- [What you are asked to do] Only the lines from the beginning of the entries through the one with "金色蝴蝶造型小合页耐用家具门窗装饰五金配件简约风格详情1" should be written out, please, exactly and without any pictures.

- [Records from a collection]
**********

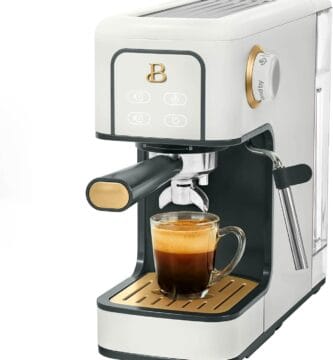 Beautiful slim Espresso Maker by Drew Barrymore – 20-Bar Pressure Sleek Finish (White Icing)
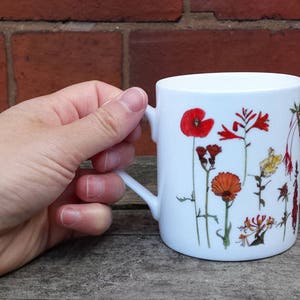 Rainbow of Flowers China Mug design with illustrations by Alice Draws The Line; a rainbow of botanical flower illustrations on a China cup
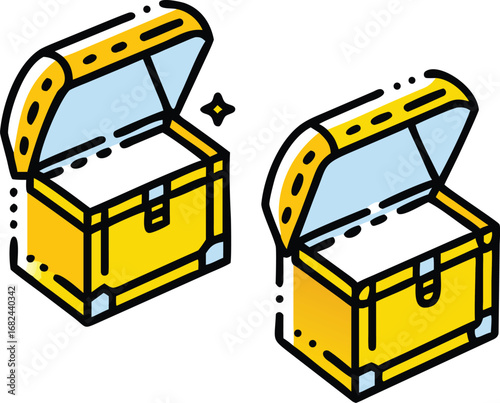 Vector art of two treasure chests, one open and shiny
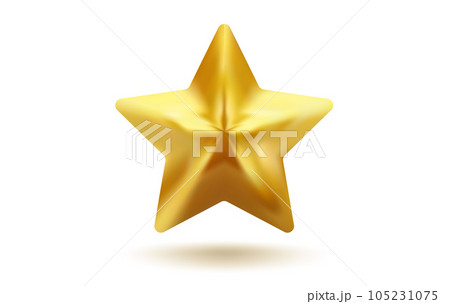Vector icon of golden star in realistic 3D style. Achievements for games or customer rating feedback of website. Vector illustration of gold star in realistic style. Vector icon of golden star in realistic 3D style. Achievements for games or customer rating feedback of website. Vector illustration of gold star in realistic style. 105231075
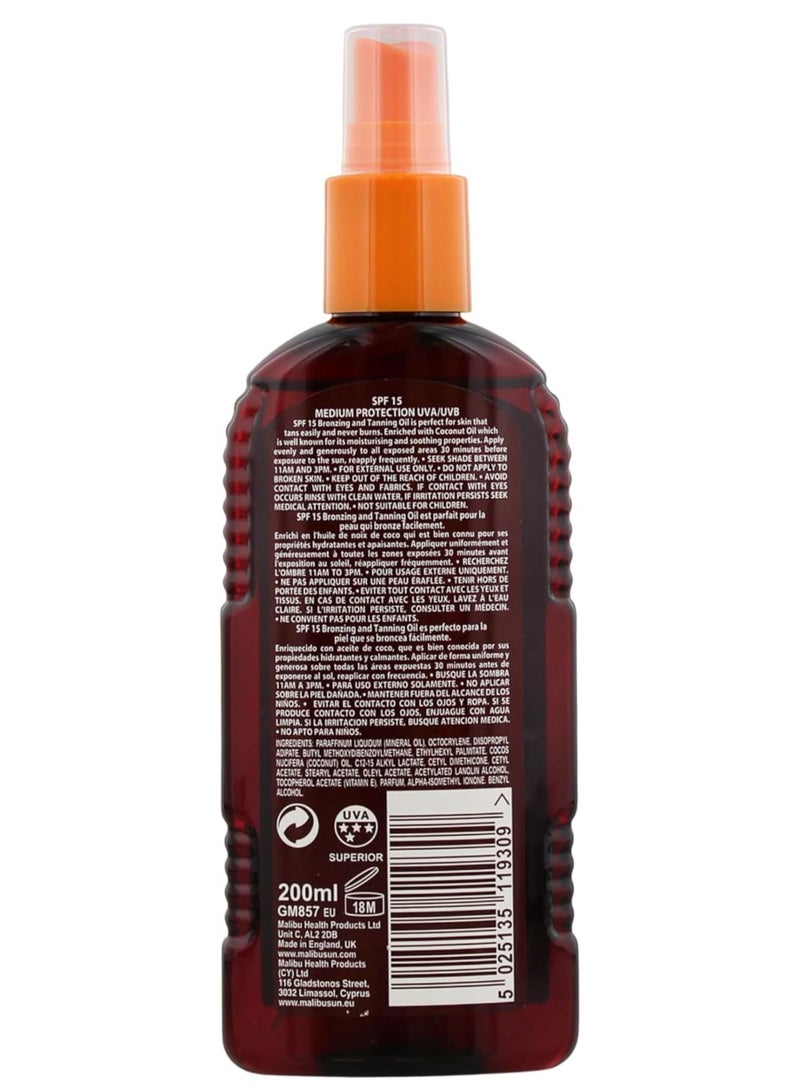 ماليبو زيت تسمير برونزي SPF 15 بجوز الهند – 200 مل - Image 2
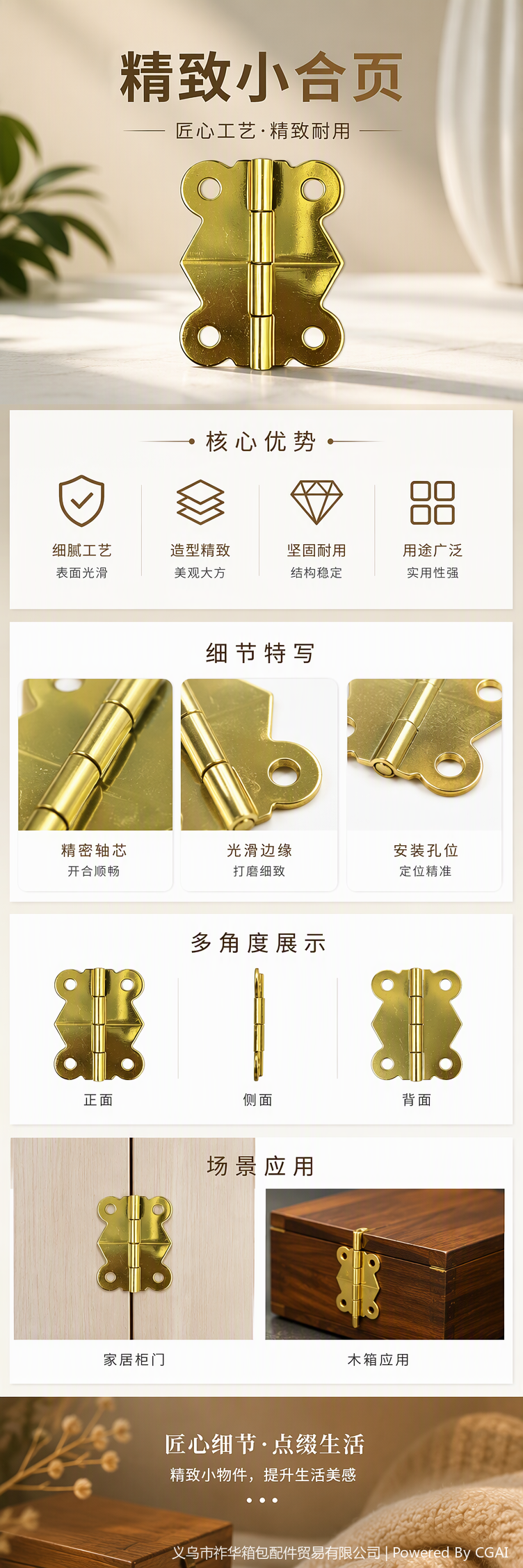 金色蝴蝶造型小合页耐用家具门窗装饰五金配件简约风格详情1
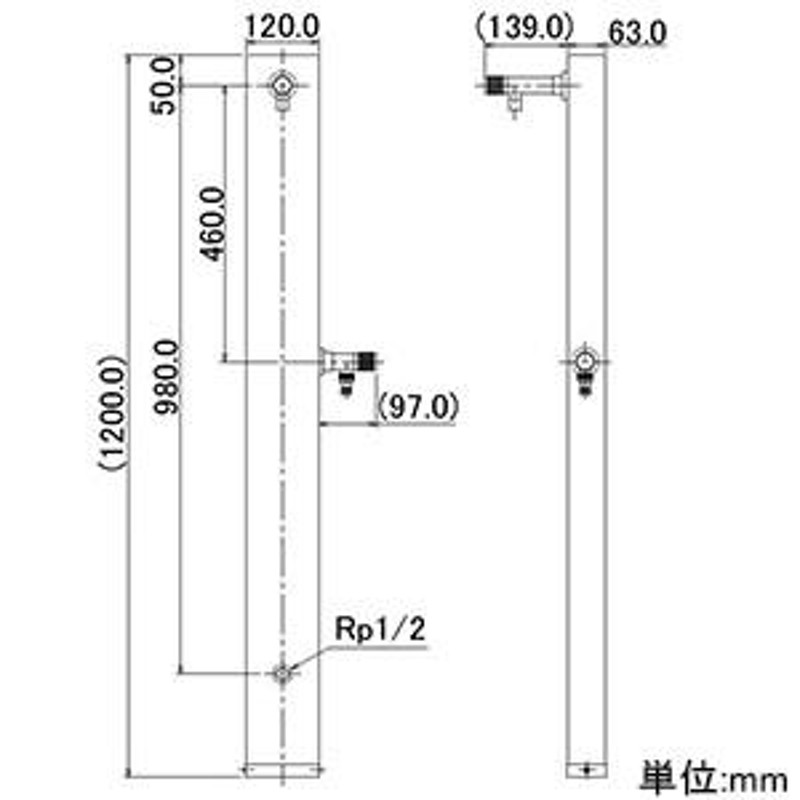 カクダイ ステンレス水栓柱 単水栓タイプ 取付ネジM16×1.0 長さ1200mm ホース接続用水栓付 ヘアライン仕上げ 624-107  LINEショッピング
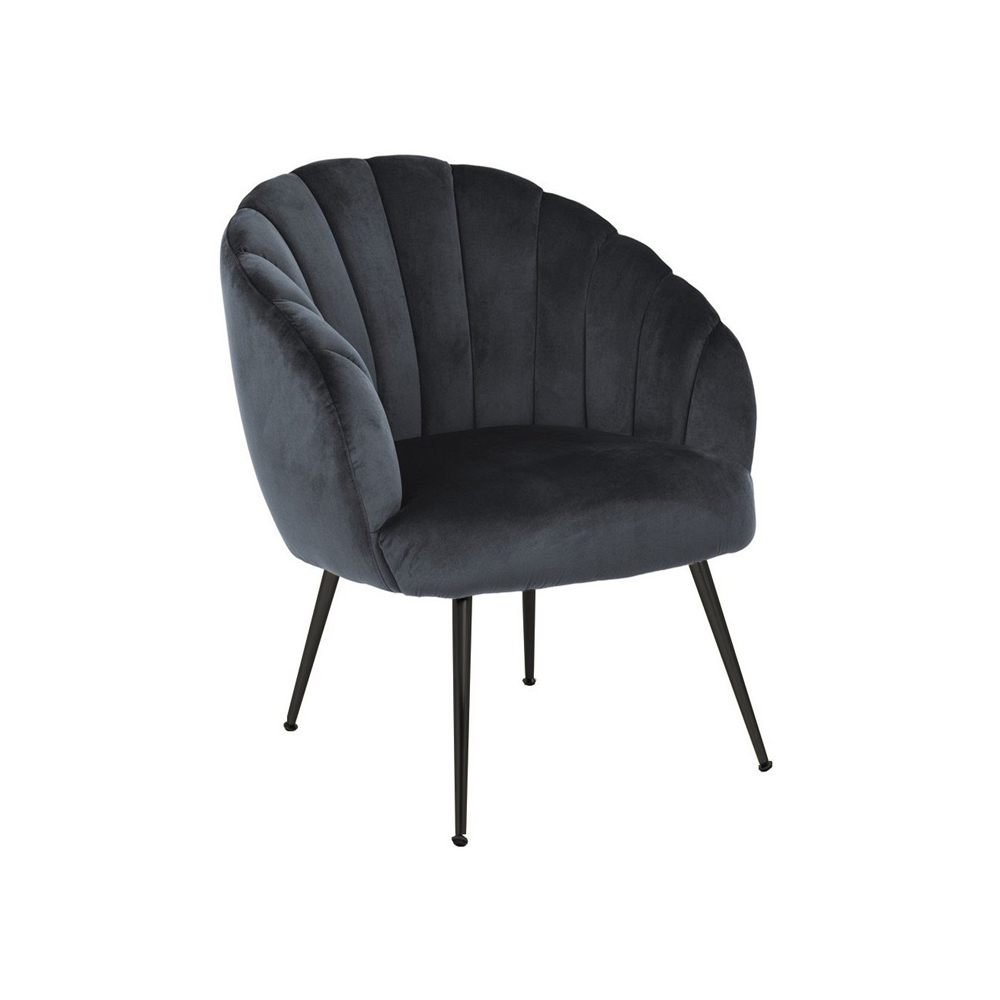 DANIELLA armchair | dark gray polyester upholstery with black powder coated iron legs | R76xS76xC81 cm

**********

- [Problem solution]
 Beautiful slim Espresso Maker by Drew Barrymore – 20-Bar Pressure Sleek Finish (White Icing)
 Rainbow of Flowers China Mug design with illustrations by Alice Draws The Line; a rainbow of botanical flower illustrations on a China cup
 Vector art of two treasure chests, one open and shiny
Vector icon of golden star in realistic 3D style. Achievements for games or customer rating feedback of website. Vector illustration of gold star in realistic style. Vector icon of golden star in realistic 3D style. Achievements for games or customer rating feedback of website. Vector illustration of gold star in realistic style. 105231075
 ماليبو زيت تسمير برونزي SPF 15 بجوز الهند – 200 مل - Image 2
 金色蝴蝶造型小合页耐用家具门窗装饰五金配件简约风格详情1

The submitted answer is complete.